• WORKING DATA:
Segment Open

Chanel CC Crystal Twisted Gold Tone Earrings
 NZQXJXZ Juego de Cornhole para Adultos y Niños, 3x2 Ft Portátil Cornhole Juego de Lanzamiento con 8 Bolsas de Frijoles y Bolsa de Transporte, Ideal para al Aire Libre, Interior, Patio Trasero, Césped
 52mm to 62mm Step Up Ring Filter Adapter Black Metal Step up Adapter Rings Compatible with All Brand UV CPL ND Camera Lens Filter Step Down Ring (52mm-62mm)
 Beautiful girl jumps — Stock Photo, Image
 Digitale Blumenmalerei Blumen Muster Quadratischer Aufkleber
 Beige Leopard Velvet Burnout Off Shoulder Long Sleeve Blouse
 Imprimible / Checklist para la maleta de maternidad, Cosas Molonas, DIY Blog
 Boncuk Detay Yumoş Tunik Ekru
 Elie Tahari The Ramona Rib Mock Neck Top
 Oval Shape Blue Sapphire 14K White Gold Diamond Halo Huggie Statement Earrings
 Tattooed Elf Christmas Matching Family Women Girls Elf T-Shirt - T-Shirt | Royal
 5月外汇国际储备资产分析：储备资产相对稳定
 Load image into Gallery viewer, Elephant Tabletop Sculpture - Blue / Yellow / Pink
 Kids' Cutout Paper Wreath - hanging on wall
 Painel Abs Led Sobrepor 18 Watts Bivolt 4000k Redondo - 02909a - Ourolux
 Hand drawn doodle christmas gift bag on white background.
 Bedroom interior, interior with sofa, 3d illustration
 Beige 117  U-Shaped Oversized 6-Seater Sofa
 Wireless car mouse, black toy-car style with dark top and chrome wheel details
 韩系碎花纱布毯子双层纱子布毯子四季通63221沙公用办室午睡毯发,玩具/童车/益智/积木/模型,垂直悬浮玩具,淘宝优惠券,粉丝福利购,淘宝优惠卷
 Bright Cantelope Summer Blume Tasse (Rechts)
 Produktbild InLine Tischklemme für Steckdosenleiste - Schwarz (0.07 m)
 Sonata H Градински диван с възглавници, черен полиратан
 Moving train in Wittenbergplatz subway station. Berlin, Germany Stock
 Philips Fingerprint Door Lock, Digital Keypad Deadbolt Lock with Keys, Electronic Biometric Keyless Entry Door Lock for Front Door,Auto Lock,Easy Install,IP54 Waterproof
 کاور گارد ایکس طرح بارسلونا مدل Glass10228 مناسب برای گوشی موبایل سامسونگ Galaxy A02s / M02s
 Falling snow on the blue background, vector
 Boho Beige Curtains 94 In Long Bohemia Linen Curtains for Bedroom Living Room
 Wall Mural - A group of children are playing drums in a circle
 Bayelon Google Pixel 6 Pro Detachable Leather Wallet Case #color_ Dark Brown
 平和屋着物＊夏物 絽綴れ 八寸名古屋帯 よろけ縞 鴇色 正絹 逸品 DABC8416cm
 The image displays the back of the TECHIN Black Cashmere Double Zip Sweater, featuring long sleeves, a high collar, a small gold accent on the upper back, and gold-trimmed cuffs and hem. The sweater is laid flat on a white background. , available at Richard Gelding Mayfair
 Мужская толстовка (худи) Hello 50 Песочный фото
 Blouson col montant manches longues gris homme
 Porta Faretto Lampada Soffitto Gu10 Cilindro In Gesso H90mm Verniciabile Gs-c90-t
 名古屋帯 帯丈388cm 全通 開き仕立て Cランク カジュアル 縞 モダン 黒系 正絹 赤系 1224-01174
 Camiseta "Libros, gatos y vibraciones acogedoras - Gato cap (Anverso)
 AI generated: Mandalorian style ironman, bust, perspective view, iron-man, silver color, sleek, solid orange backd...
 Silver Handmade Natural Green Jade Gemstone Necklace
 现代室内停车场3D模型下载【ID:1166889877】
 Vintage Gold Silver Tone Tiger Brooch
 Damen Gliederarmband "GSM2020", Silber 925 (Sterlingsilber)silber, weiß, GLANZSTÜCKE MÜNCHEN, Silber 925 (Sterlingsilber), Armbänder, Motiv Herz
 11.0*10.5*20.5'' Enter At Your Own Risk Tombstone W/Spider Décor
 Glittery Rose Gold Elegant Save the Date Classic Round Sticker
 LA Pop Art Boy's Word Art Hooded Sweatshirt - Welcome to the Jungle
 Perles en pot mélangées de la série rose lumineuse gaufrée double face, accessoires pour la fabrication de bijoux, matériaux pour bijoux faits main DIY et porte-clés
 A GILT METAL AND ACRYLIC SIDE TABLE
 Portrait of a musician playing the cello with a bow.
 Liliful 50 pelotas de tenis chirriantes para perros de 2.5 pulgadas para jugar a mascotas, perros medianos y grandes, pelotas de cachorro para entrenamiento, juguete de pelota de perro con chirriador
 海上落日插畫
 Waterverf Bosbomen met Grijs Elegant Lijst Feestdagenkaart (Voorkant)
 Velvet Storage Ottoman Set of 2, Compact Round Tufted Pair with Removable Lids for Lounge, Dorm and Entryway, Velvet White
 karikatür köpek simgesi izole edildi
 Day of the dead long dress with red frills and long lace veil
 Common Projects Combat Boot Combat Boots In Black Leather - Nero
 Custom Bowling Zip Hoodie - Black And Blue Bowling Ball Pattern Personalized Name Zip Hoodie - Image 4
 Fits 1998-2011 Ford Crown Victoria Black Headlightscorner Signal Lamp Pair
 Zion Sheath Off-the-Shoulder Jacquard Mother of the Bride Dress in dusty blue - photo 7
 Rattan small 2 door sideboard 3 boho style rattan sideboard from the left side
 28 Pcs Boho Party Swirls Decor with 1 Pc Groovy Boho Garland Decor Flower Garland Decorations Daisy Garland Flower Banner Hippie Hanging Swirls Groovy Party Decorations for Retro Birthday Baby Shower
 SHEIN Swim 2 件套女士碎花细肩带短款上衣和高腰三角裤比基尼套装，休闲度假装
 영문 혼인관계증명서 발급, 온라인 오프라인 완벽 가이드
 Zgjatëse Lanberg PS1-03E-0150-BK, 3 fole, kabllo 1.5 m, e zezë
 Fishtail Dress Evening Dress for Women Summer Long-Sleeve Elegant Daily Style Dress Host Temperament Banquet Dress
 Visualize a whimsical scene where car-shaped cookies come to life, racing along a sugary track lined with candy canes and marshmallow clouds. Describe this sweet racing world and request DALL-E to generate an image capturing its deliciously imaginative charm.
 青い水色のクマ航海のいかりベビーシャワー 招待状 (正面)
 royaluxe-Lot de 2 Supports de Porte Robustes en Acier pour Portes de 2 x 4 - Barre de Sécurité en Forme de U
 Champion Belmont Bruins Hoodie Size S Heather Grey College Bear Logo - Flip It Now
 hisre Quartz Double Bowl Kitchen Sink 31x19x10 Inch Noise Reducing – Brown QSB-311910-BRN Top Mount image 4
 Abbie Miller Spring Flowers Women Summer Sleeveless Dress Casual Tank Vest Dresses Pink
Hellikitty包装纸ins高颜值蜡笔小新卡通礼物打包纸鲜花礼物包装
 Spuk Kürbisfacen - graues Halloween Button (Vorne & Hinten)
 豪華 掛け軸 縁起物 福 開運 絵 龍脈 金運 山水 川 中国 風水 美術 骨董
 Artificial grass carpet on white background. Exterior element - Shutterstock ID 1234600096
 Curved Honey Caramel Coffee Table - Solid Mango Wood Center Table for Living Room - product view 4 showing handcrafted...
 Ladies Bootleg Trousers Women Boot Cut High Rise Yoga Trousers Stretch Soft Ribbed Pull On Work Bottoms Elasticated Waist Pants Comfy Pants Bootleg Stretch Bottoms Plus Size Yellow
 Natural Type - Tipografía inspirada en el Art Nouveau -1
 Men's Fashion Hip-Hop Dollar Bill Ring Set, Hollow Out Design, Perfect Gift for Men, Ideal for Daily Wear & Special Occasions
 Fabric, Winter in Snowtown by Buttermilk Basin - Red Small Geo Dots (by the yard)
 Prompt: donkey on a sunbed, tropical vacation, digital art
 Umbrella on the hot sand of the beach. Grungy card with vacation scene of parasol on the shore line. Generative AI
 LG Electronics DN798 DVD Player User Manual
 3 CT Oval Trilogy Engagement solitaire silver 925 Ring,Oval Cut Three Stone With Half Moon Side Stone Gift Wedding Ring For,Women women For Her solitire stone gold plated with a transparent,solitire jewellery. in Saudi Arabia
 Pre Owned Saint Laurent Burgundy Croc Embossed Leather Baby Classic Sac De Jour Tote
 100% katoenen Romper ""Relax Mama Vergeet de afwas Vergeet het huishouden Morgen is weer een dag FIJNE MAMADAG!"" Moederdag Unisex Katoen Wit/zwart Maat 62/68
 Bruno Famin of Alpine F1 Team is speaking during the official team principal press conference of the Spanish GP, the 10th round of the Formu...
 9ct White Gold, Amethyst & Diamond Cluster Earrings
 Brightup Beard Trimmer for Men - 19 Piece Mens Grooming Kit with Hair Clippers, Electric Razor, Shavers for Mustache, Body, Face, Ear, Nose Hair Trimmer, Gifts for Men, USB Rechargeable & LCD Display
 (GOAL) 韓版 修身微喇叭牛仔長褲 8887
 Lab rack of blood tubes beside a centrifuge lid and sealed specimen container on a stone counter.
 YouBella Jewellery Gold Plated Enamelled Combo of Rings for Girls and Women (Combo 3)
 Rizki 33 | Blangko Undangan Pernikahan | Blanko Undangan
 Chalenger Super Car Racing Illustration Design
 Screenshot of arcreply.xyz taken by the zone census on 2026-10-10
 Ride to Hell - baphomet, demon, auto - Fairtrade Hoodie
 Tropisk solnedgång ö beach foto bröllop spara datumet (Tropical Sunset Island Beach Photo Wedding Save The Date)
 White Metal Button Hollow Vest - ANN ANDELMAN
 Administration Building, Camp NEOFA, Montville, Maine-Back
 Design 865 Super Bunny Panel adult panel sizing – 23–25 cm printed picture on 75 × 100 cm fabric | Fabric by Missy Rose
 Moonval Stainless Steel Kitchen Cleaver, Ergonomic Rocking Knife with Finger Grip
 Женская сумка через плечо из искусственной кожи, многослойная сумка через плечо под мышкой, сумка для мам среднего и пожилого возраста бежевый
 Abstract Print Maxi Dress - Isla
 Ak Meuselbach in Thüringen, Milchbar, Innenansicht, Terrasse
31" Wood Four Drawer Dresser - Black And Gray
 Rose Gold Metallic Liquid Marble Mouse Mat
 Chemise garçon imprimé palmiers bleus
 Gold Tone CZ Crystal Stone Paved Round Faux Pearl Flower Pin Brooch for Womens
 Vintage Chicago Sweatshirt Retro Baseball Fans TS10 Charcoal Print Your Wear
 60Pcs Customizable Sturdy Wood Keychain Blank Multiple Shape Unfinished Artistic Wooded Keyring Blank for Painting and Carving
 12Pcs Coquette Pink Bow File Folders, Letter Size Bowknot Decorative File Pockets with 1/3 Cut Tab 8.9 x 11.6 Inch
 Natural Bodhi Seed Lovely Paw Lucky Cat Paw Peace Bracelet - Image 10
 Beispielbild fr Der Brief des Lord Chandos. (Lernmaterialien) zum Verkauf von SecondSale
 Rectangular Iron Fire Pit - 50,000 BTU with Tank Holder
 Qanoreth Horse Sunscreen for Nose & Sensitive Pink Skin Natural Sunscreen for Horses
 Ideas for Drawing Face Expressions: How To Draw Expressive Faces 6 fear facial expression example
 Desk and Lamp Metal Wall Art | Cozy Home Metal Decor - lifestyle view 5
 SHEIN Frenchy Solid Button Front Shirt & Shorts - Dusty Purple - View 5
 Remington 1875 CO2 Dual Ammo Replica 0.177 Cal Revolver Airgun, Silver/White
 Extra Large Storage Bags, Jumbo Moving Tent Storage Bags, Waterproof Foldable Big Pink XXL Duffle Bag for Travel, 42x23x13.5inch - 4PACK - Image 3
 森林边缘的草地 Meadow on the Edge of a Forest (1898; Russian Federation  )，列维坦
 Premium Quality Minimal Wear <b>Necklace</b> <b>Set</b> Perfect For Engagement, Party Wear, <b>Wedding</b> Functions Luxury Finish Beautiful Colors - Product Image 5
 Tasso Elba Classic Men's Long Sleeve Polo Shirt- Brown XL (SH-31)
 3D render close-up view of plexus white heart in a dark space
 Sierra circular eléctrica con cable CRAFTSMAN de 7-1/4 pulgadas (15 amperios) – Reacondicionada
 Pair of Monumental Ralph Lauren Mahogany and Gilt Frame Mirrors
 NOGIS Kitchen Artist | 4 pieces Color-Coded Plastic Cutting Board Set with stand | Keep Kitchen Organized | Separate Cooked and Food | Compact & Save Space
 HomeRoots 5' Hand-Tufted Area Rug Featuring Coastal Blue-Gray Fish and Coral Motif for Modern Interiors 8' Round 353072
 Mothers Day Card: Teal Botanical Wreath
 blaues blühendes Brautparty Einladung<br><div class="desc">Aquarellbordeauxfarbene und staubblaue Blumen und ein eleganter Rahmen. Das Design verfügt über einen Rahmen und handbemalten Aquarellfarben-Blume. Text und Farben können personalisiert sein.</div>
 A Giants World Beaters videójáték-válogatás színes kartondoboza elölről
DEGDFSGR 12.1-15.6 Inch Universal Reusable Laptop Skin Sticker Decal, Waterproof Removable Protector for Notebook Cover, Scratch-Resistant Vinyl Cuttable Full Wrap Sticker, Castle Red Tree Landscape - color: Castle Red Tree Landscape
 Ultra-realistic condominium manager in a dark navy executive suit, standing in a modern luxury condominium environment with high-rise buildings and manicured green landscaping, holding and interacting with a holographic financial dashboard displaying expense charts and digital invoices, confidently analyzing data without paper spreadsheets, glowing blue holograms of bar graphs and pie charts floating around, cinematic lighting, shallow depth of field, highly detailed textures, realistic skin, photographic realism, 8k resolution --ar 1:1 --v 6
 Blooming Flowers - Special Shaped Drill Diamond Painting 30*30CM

Segment Closed

Reproduce verbatim the lines above, from the line with "Black And Gray" through the line with "Rectangular Iron Fire".

• ANSWER FOR THE TASK:
31" Wood Four Drawer Dresser - Black And Gray
 Rose Gold Metallic Liquid Marble Mouse Mat
 Chemise garçon imprimé palmiers bleus
 Gold Tone CZ Crystal Stone Paved Round Faux Pearl Flower Pin Brooch for Womens
 Vintage Chicago Sweatshirt Retro Baseball Fans TS10 Charcoal Print Your Wear
 60Pcs Customizable Sturdy Wood Keychain Blank Multiple Shape Unfinished Artistic Wooded Keyring Blank for Painting and Carving
 12Pcs Coquette Pink Bow File Folders, Letter Size Bowknot Decorative File Pockets with 1/3 Cut Tab 8.9 x 11.6 Inch
 Natural Bodhi Seed Lovely Paw Lucky Cat Paw Peace Bracelet - Image 10
 Beispielbild fr Der Brief des Lord Chandos. (Lernmaterialien) zum Verkauf von SecondSale
 Rectangular Iron Fire Pit - 50,000 BTU with Tank Holder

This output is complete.